--- RECORDED INFORMATION ---
****************
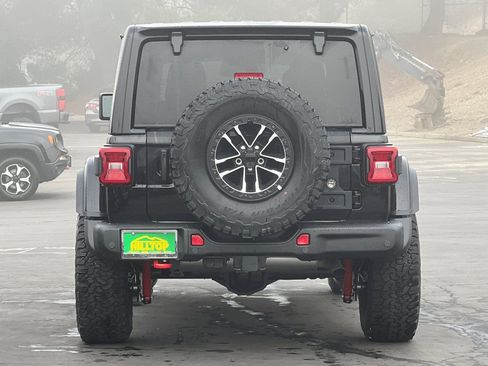 New 2026 Jeep Wrangler Unlimited Rubicon image 6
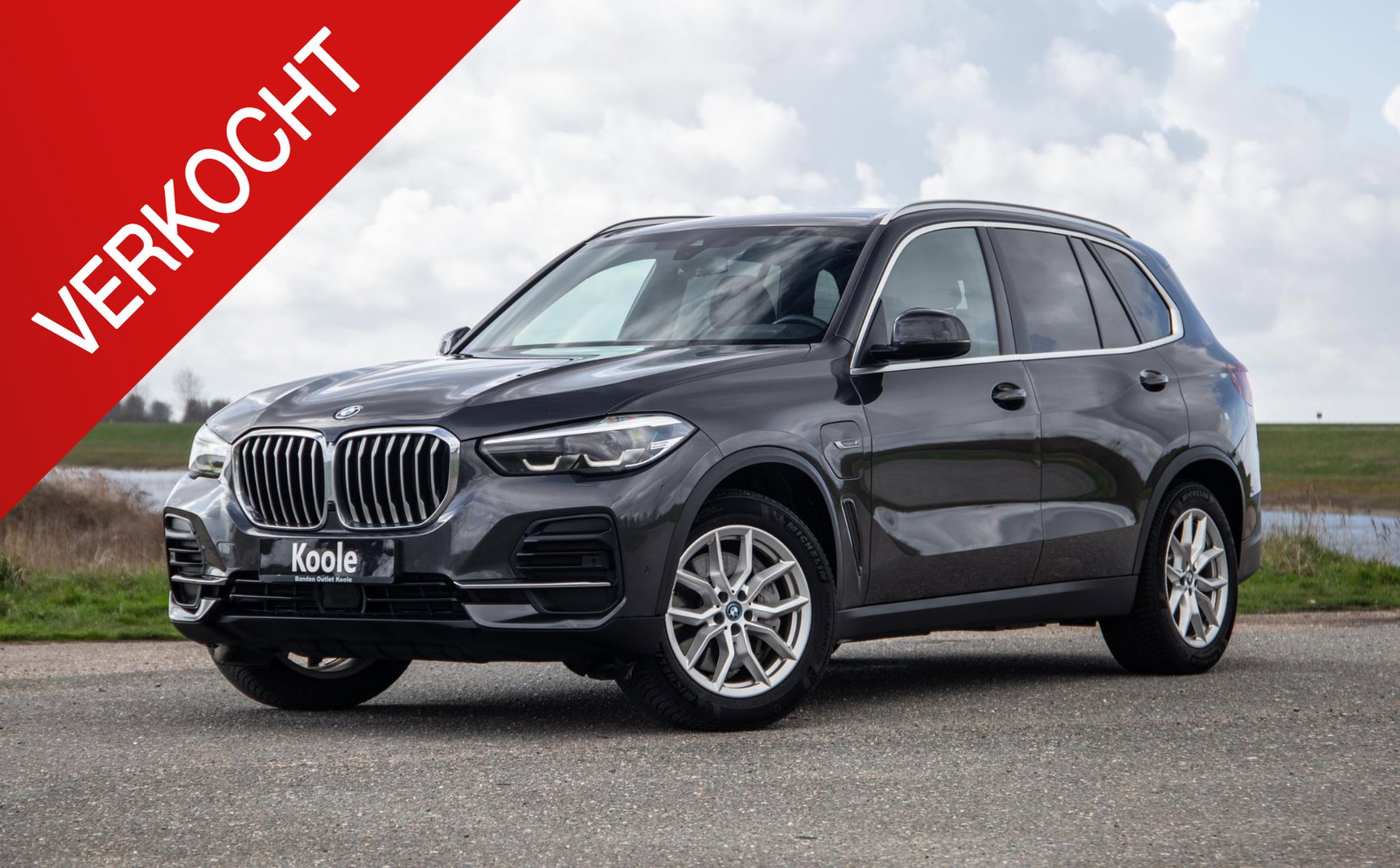 BMW X5 xDrive45e High Executive CARPLAY / CAMERA / DEALER ONDERHOUDEN / BRUIN LEER / STOELVERWARMING / TREKHAAK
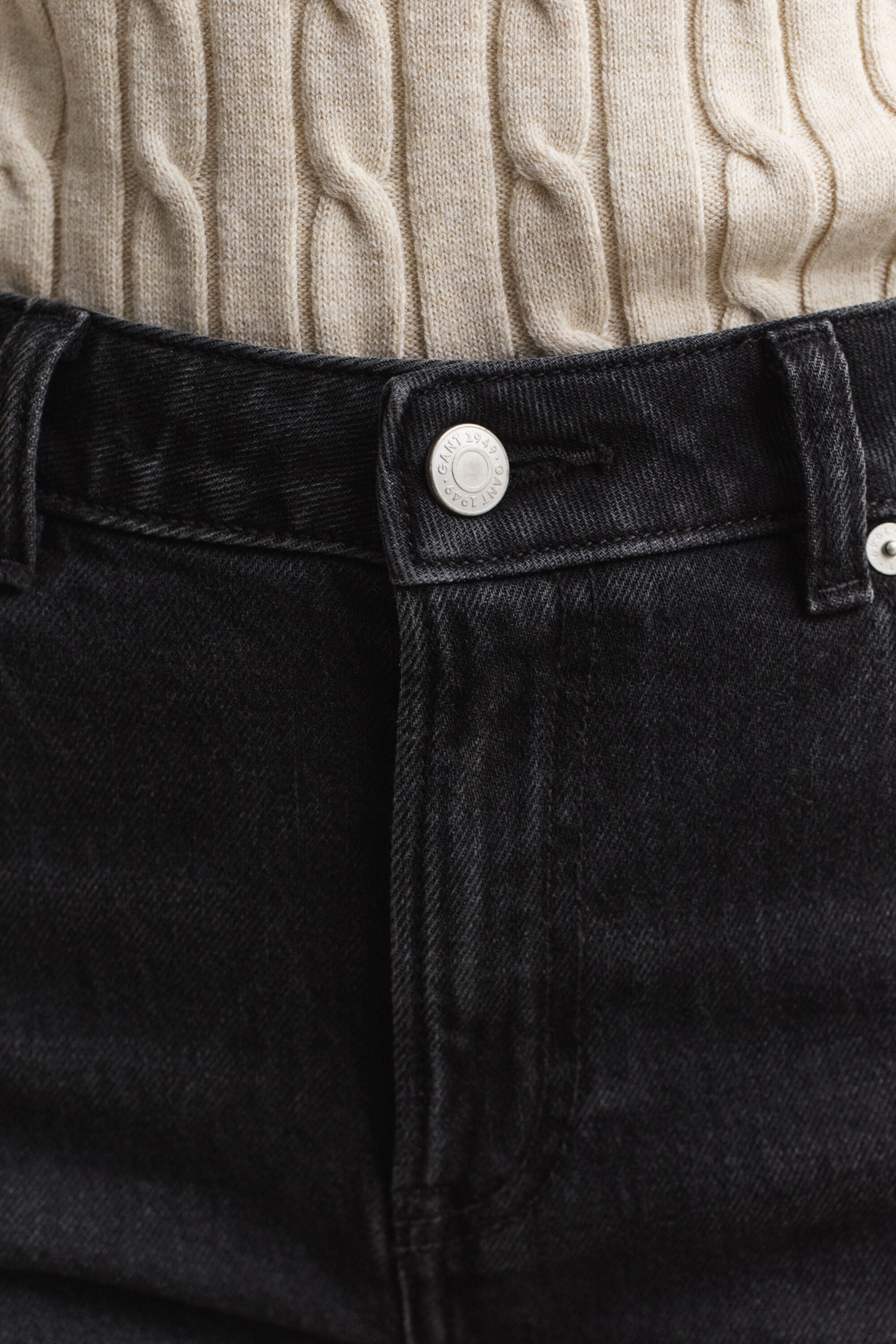 Jeans elasticizzati con gamba dritta
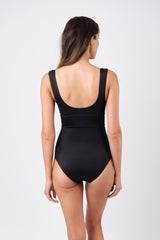 UNE PIECE-Classic Square Neck BLACK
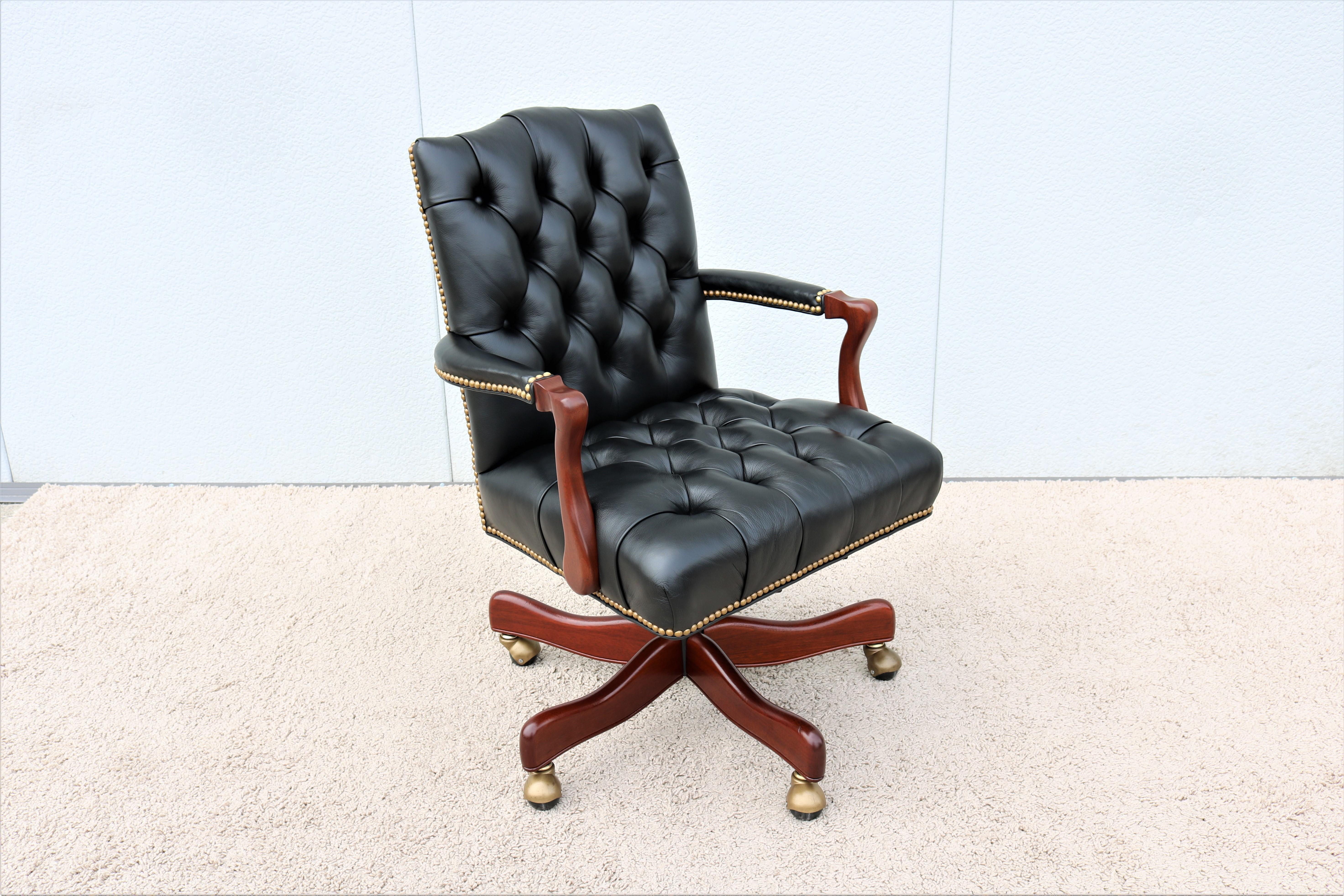 Fabuleux fauteuil de bureau de direction traditionnel Graham en cuir tufté à boutons profonds, pivotant et inclinable, par Cabot Wrenn. 
Un style classique, intemporel et luxueux inspiré du design des 18e et 19e siècles.
Magnifiquement fabriqué à la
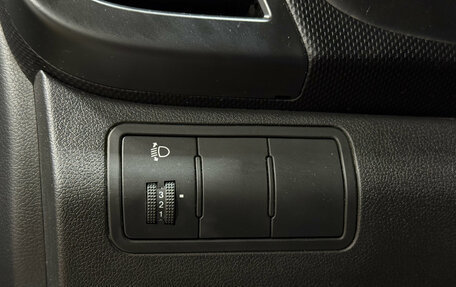 Hyundai Solaris II рестайлинг, 2012 год, 800 000 рублей, 13 фотография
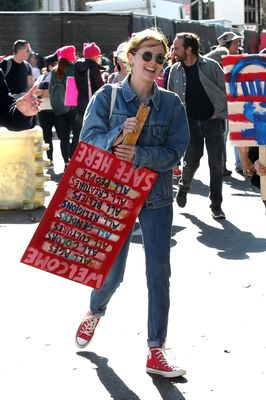 Zoey Deutch Poster 3003932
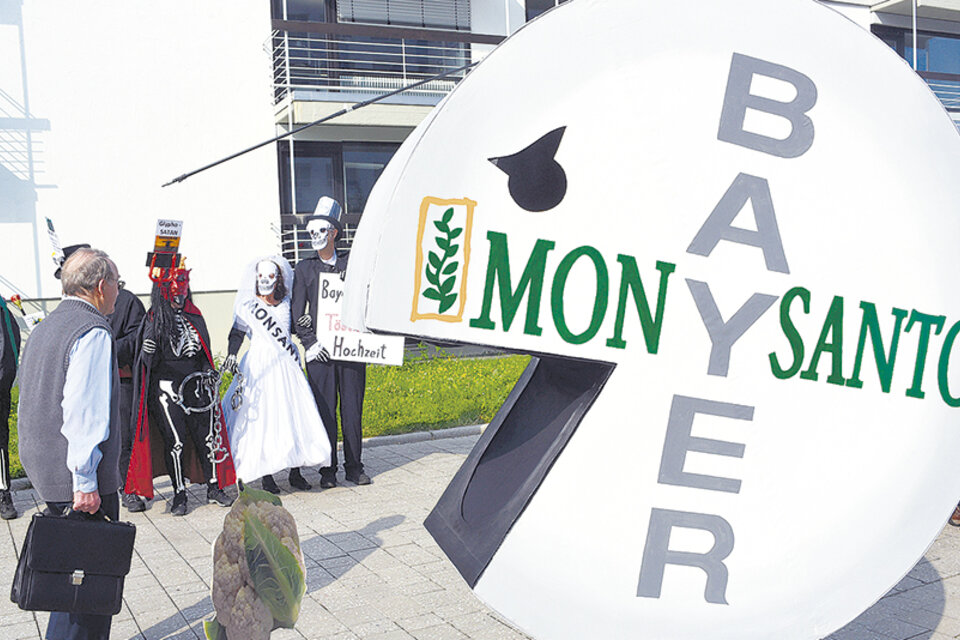 Una protesta contra Monsanto-Bayer a la salida del juicio en California.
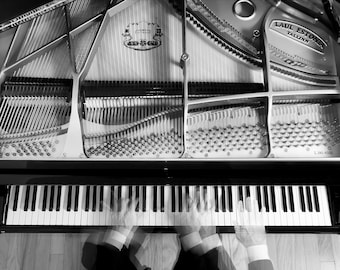 Piano -- photo, digital download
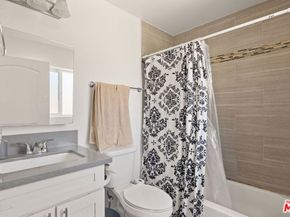 1619 W 39th Street, Los Angeles CA 90062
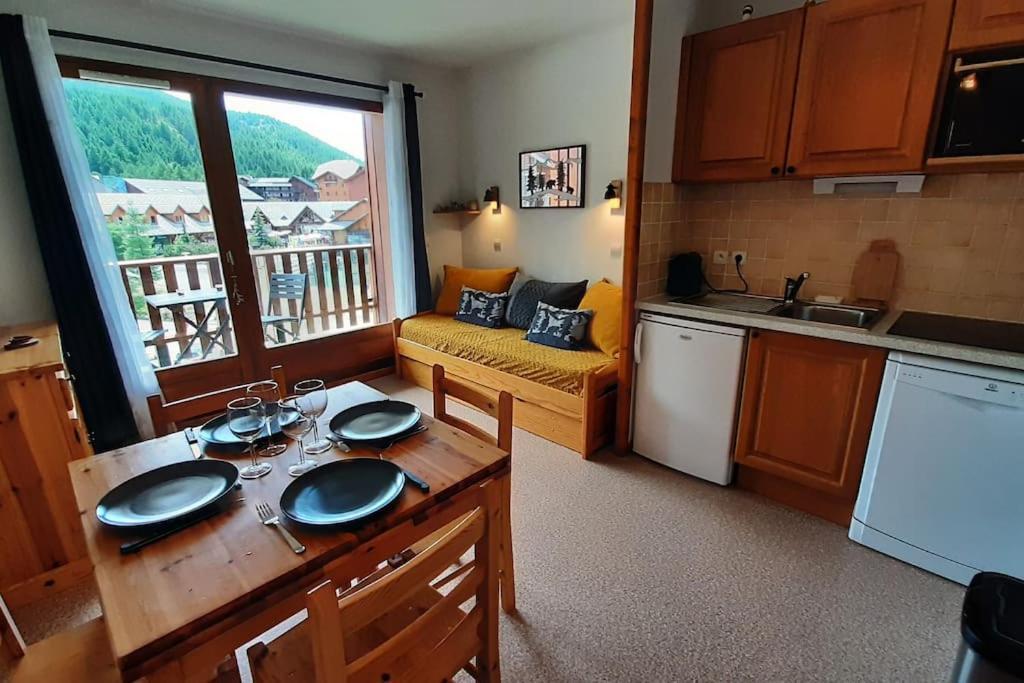Superbe Appartement La Joue Du Loup Centre, 6 Personnes, Avec Parking Prive Le Devoluy Exterior photo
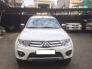 Cần bán xe Mitsubishi Pajero 2018 số sàn màu trắng, phiên bản máy dầu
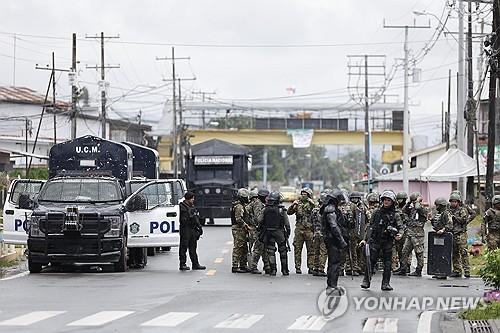 20일(현지시간) 파나마 보카스델토로 지역에 투입된 군과 경찰[창구이놀라 EPA=연합뉴스. 재판매 및 DB 금지]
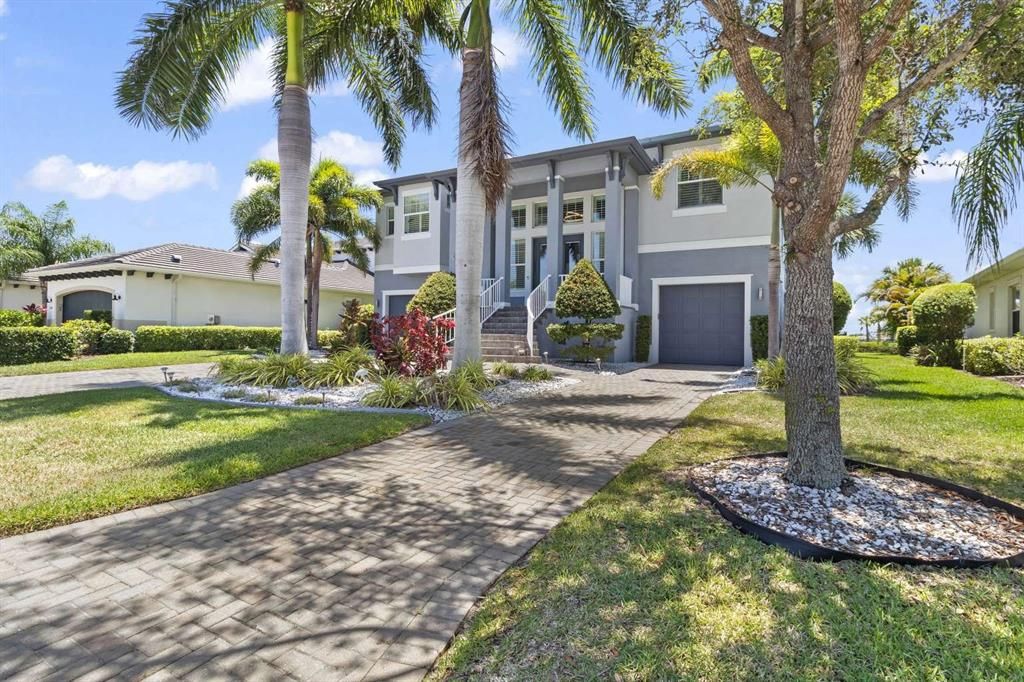 For Sale: $1,439,000 (3 beds, 3 baths, 3945 Square Feet)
****************
--- ASSIGNMENT ---
Return every entry exactly, dropping the pictures.

--- RESULT ---
 New 2026 Jeep Wrangler Unlimited Rubicon image 6
 BMW X5 xDrive45e High Executive CARPLAY / CAMERA / DEALER ONDERHOUDEN / BRUIN LEER / STOELVERWARMING / TREKHAAK
 Jeans elasticizzati con gamba dritta
 UNE PIECE-Classic Square Neck BLACK
 Fabuleux fauteuil de bureau de direction traditionnel Graham en cuir tufté à boutons profonds, pivotant et inclinable, par Cabot Wrenn. 
Un style classique, intemporel et luxueux inspiré du design des 18e et 19e siècles.
Magnifiquement fabriqué à la
 Hyundai Solaris II рестайлинг, 2012 год, 800 000 рублей, 13 фотография
 Zoey Deutch Poster 3003932
 Una protesta contra Monsanto-Bayer a la salida del juicio en California.
 Piano -- photo, digital download
 1619 W 39th Street, Los Angeles CA 90062
Superbe Appartement La Joue Du Loup Centre, 6 Personnes, Avec Parking Prive Le Devoluy Exterior photo
 Cần bán xe Mitsubishi Pajero 2018 số sàn màu trắng, phiên bản máy dầu
 20일(현지시간) 파나마 보카스델토로 지역에 투입된 군과 경찰[창구이놀라 EPA=연합뉴스. 재판매 및 DB 금지]
 For Sale: $1,439,000 (3 beds, 3 baths, 3945 Square Feet)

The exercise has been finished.